But if the government had real evidence against the suspects it would probably have arrested and tried them in South Africa before extraditing them.
"It sounds like there was not enough evidence against them and that is why they were deported immediately."
South Africa held peaceful elections on April 14 which returned the ruling African National Congress to power and saw President Thabo Mbeki elected to a second five-year term.
The reports of al-Qaeda activity in South Africa came as US Attorney General John Ashcroft warned that Osama bin Laden's network was poised to stage a new attack on the United States.
Foiled plot
According to the report, Selebi told parliament's safety and security committee the alleged al-Qaeda members were deported five days before the April 14 elections and suggested that intelligence-sharing allowed authorities in the three other countries to take action, a radio report said on Thursday.
"We arrested some people who had evil intentions against this country - five days before the election.
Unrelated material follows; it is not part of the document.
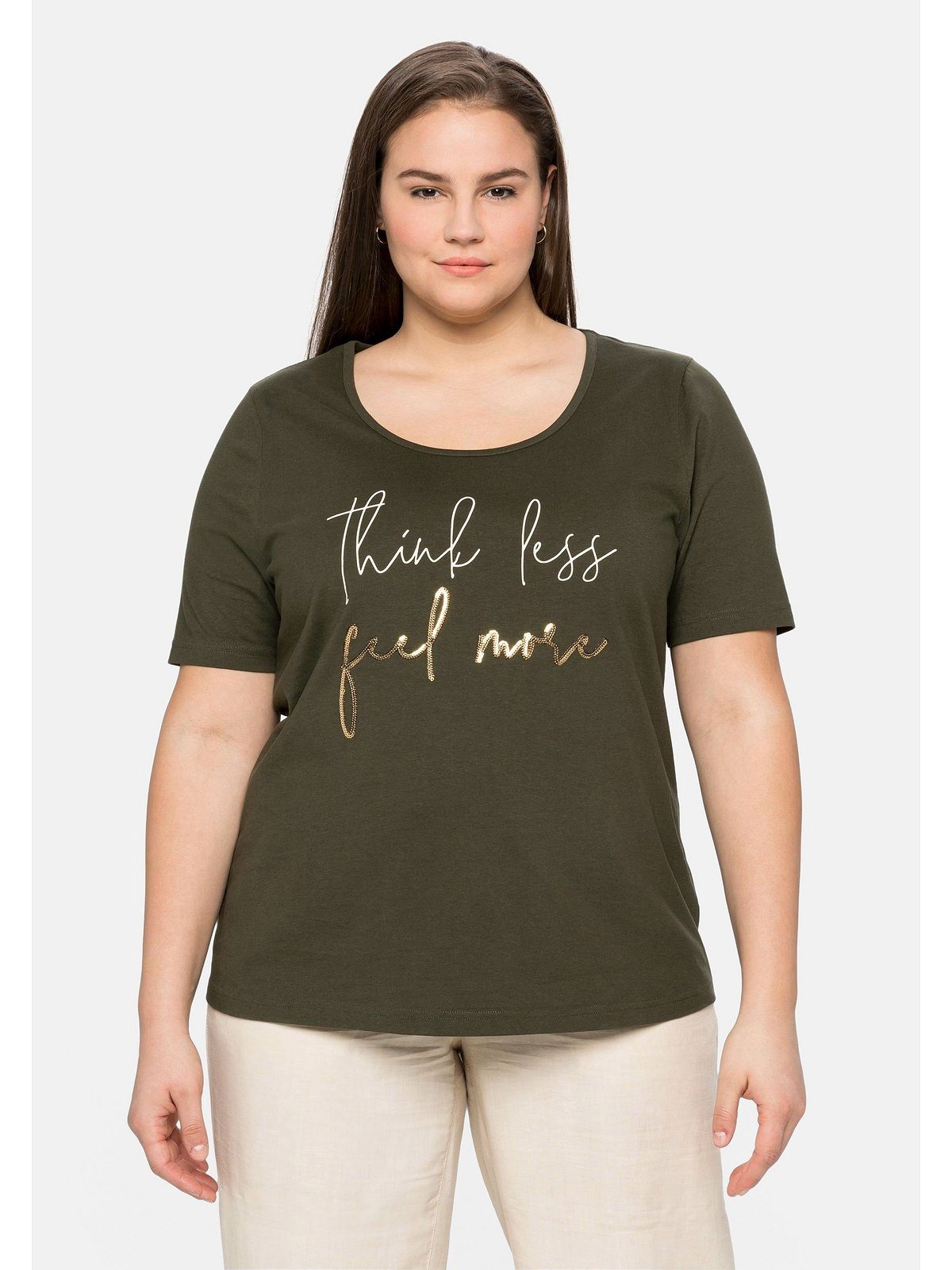 Sheego Größen T-Shirt Pailletten-Schriftzug schimmerndem Große mit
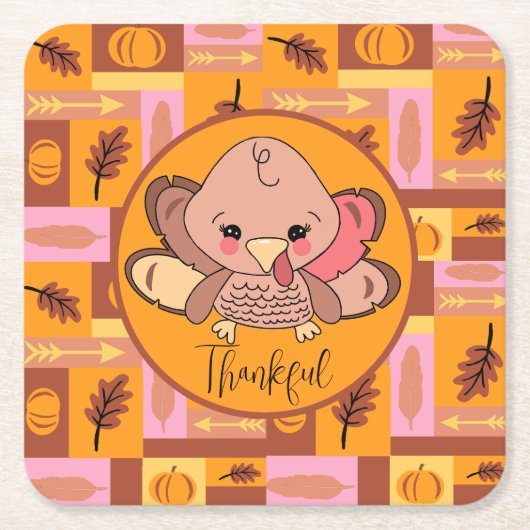 Dankenswerter Niedlicher Erntedank Untersetzer (Vorderseite)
We got these people to leave," Selebi said.
"The result is that you saw in Jordan, in and around those days, a number of people arrested who were al-Qaeda. A number of people were (also) arrested in Syria as a result of our operation."
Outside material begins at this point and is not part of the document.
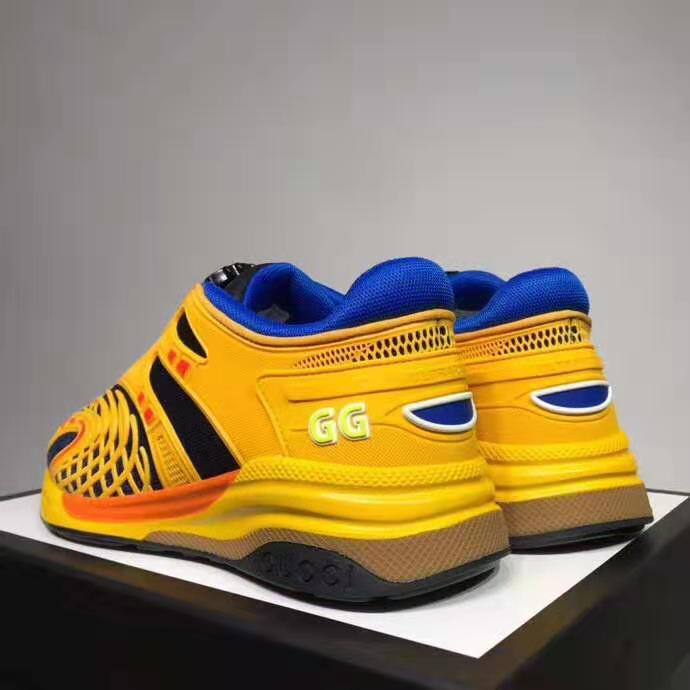 G*u*i gg unisex ultrapace r sneaker knit fabric interlocking double g 3 cm heel-yellow
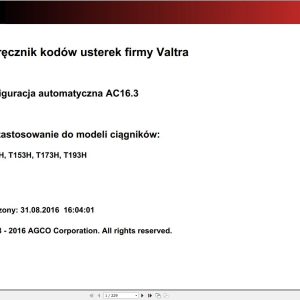 Valtra Automation Configuration AC16.3 Service Code Manual PL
Jordan foiled a massive chemical attack linked to Osama bin Laden's al-Qaeda network in late April which resulted in six members of the network being arrested and four others killed in a series of raids.
"In part of this operation, in London, the British police found boxes and boxes of South African passports in the home of one of these people, or an associate of these people, which says to me there must be a link that people are able to acquire these documents,"
Selebi did not elaborate and his office declined to give details.